* _Brief_: Images don't belong in the copy. Output the rest of the data exactly.

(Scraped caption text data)
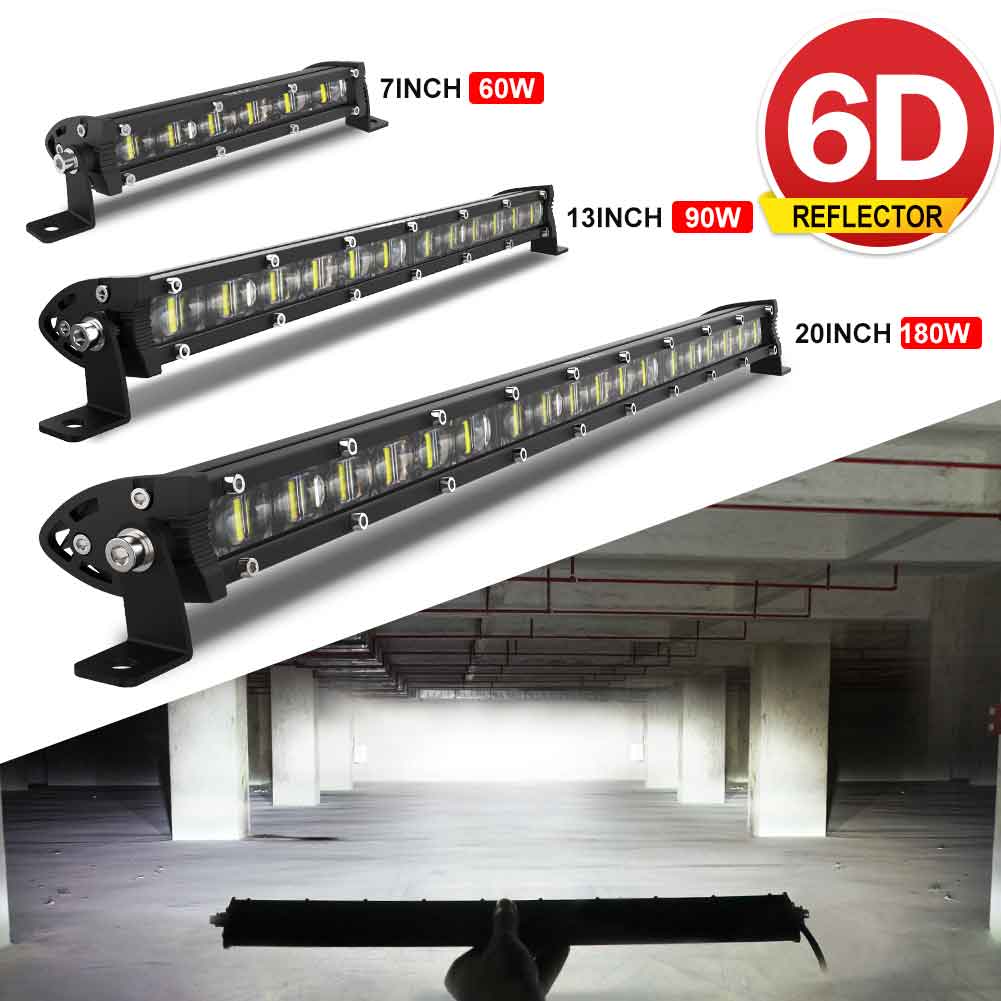 NAOEVO 6D ストリップ LED ライトバー 60 ワット 120 ワット 180 ワット DRL フォグランニング Led ワークライト 4 × 4 オフロード 6D Led ヘッドライト Niva lada ATV トラック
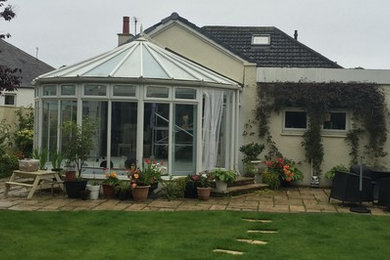 Conservatory roof windows tinted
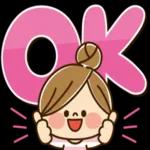 girl sticker 11011🙆‍♀️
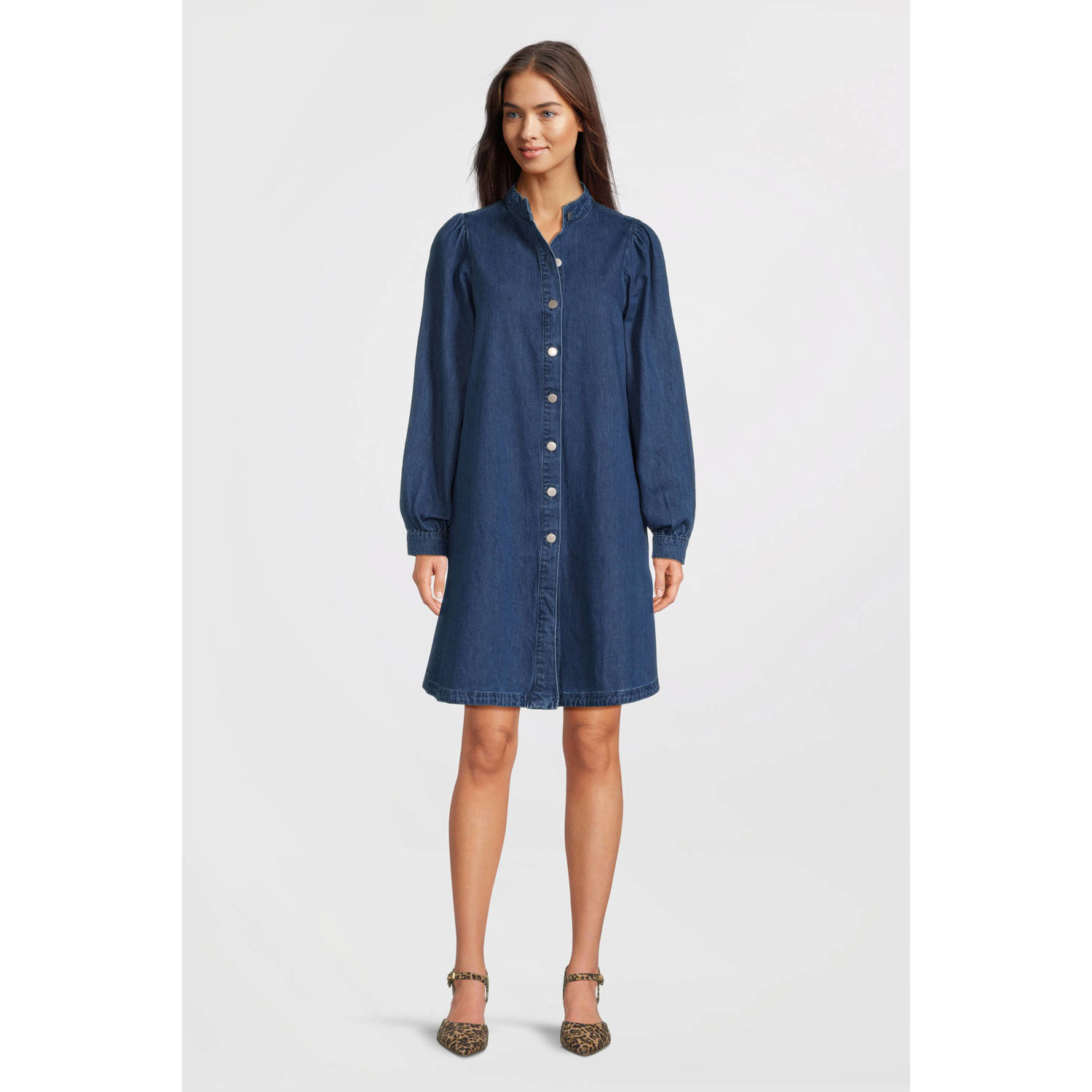 MSCH Copenhagen blousejurk medium blue denim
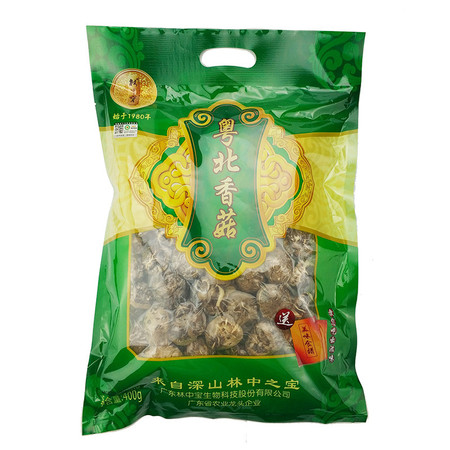 【清远振兴馆】林中宝 粤北香菇400g绿袋装 原木冬菇干货食用菌 广东清远土特产图片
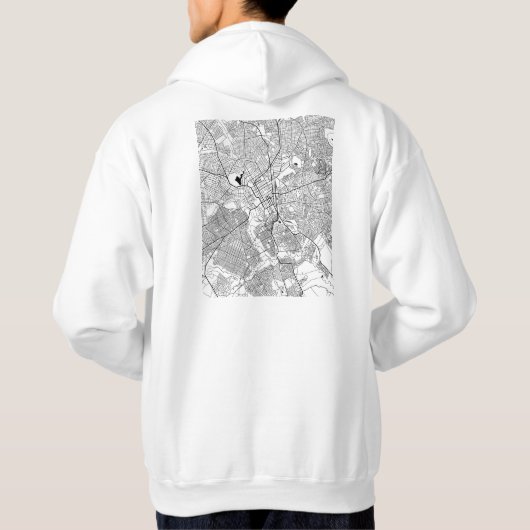Lubumbashi DR Kongo Karte Hoodie (Rückseite)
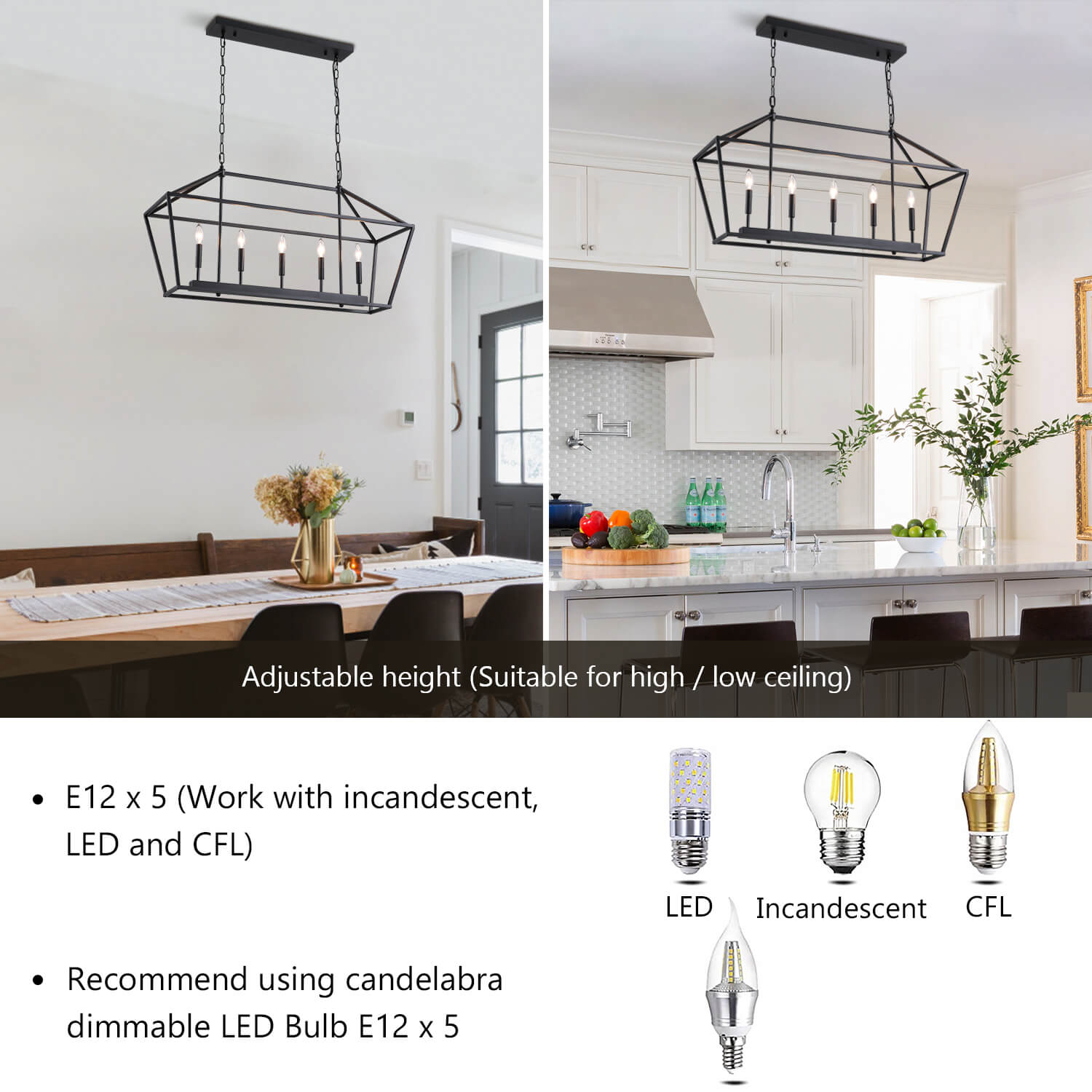 Rustic Iron Handmade 5 Lights Chandelier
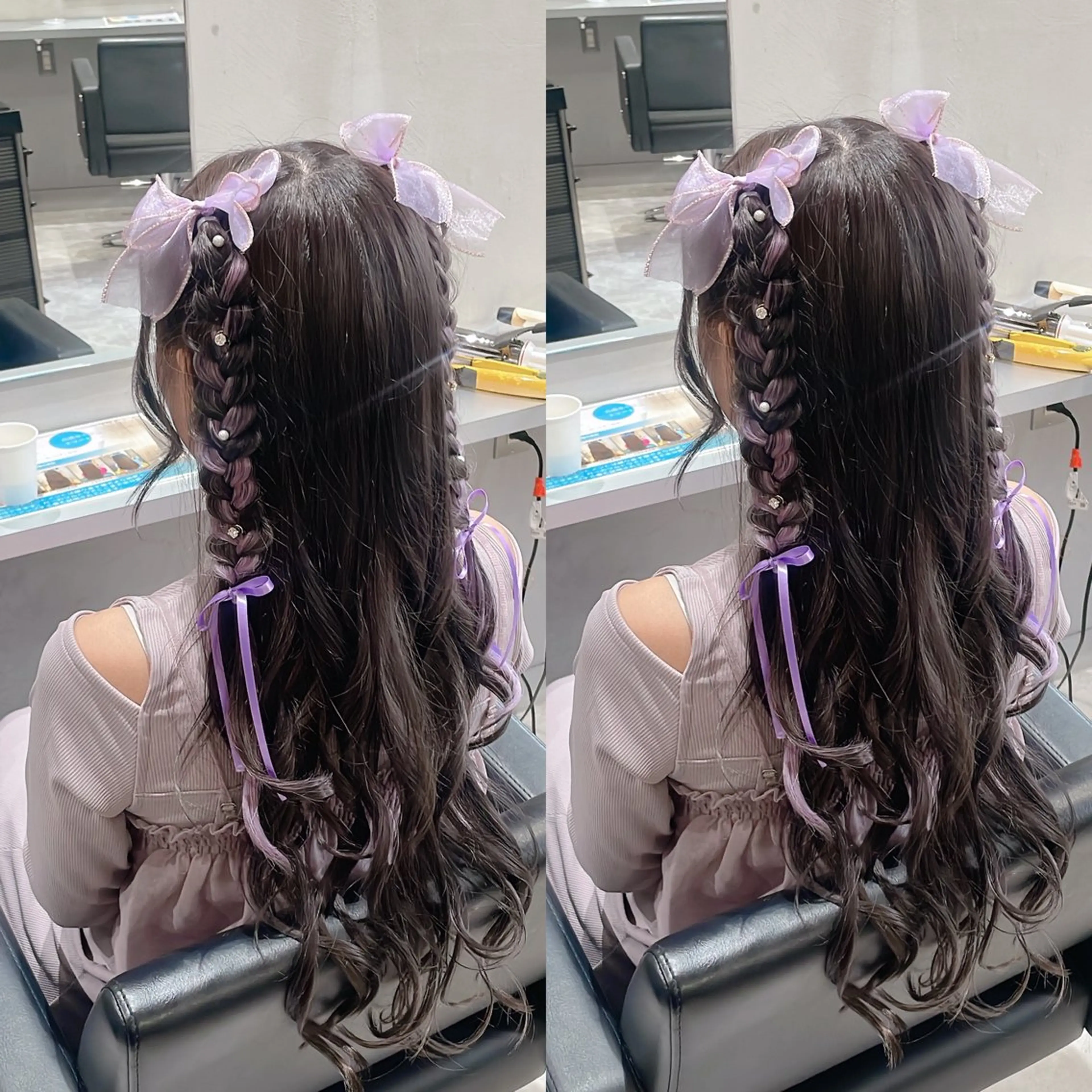 ロング カラー ヘアアレンジ Minami. 🩵 再現性特化ヘアのヘアスタイル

* _Result of this exercise_:
 NAOEVO 6D ストリップ LED ライトバー 60 ワット 120 ワット 180 ワット DRL フォグランニング Led ワークライト 4 × 4 オフロード 6D Led ヘッドライト Niva lada ATV トラック
 Conservatory roof windows tinted
 girl sticker 11011🙆‍♀️
 MSCH Copenhagen blousejurk medium blue denim
 【清远振兴馆】林中宝 粤北香菇400g绿袋装 原木冬菇干货食用菌 广东清远土特产图片
Lubumbashi DR Kongo Karte Hoodie (Rückseite)
 Rustic Iron Handmade 5 Lights Chandelier
 ロング カラー ヘアアレンジ Minami. 🩵 再現性特化ヘアのヘアスタイル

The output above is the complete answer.